Quello che un tempo era un aristocratico giardino, prima ancora dei d’Avalos di pertinenza della Certosa di San Martino che possedeva la collina fino al mare, ora al pari del Palazzo è un ginepraio in abbandono. Dopo l’ultimo atto, lo sfratto del principe Andrea d’Avalos e della sua anziana madre, la storica magione aspetta di rinascere. E lo farà grazie all’intervento del ministro Dario Franceschini, attraverso il suo direttore generale Salvo Nastasi, dopo una lunga e fruttuosa campagna giornalistica portata avanti dal
Corriere del Mezzogiorno.
Il Mibact, infatti, per fare un riepilogo post-lockdown, in base al codice dei Beni culturali ha intimato alla società Vasto della famiglia Ferlaino — che ne detiene oggi la proprietà dopo una lunga causa con i d’Avalos — di provvedere al restauro dei piani nobili in base a un progetto conservativo, mantenendone intatta la pianta e i decori. La bonifica riguarderà necessariamente anche il giardino che è l’unico esistente e di pertinenza di una dimora aristocratica in via dei Mille. Questa sua unicità ha suggerito a due associazioni culturali, il “Comitato Gazebo Verde” che si occupa della tutela e della valorizzazione dei giardini storici e l’attivo “Comitato di Portosalvo”, la proposta di un utilizzo pubblico dello spazio naturalistico: «L’obiettivo è quello di sviluppare un progetto che possa permettere la fruizione di questo giardino per finalità culturali con un accordo tra le nostre associazioni, la soprintendenza e la proprietà», dice Antonio Pariante. E Maria Teresa Ercolanese di “Gazebo verde” racconta: «È uno dei giardini storici più importanti di Napoli. Tra quelli annessi ai palazzi nobiliari è, dai dati che abbiamo a disposizione, l’unico che riporta la stessa forma a croce che ritroviamo nel giardino della Chiesa di Santa Chiara, il quale, com’è noto, è tra i più antichi della città.

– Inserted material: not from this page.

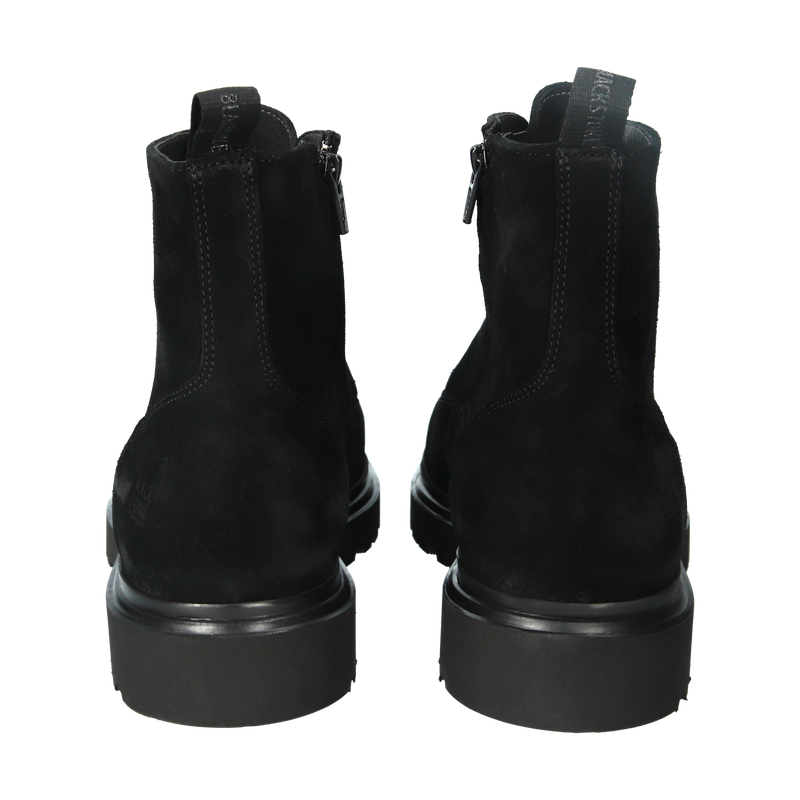 YG32.BLK_packshot_4.1550cd6f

Stiamo parlando, infatti, di un giardino con il boschetto con le camelie che era il vanto del palazzo stesso. È evidente che la sua disposizione cinquecentesca fosse differente con pozzi e grandi agrumeti. Altro pregio, il suo degradare ancora oggi su una terrazza panoramica sul mare. Il nostro obiettivo è che, dopo l’importante serie di articoli con i quali il Corriere del Mezzogiorno ha reso un alto servizio alla collettività e alla cultura della città, e il conseguente intervento del Mibact, i lavori di recupero riguardino anche il giardino. Stiamo mettendo a punto un progetto di recupero dell’area verde storica da presentare alla soprintendenza e al Comune. Il tutto finalizzato a un’eventuale possibilità di fruirlo».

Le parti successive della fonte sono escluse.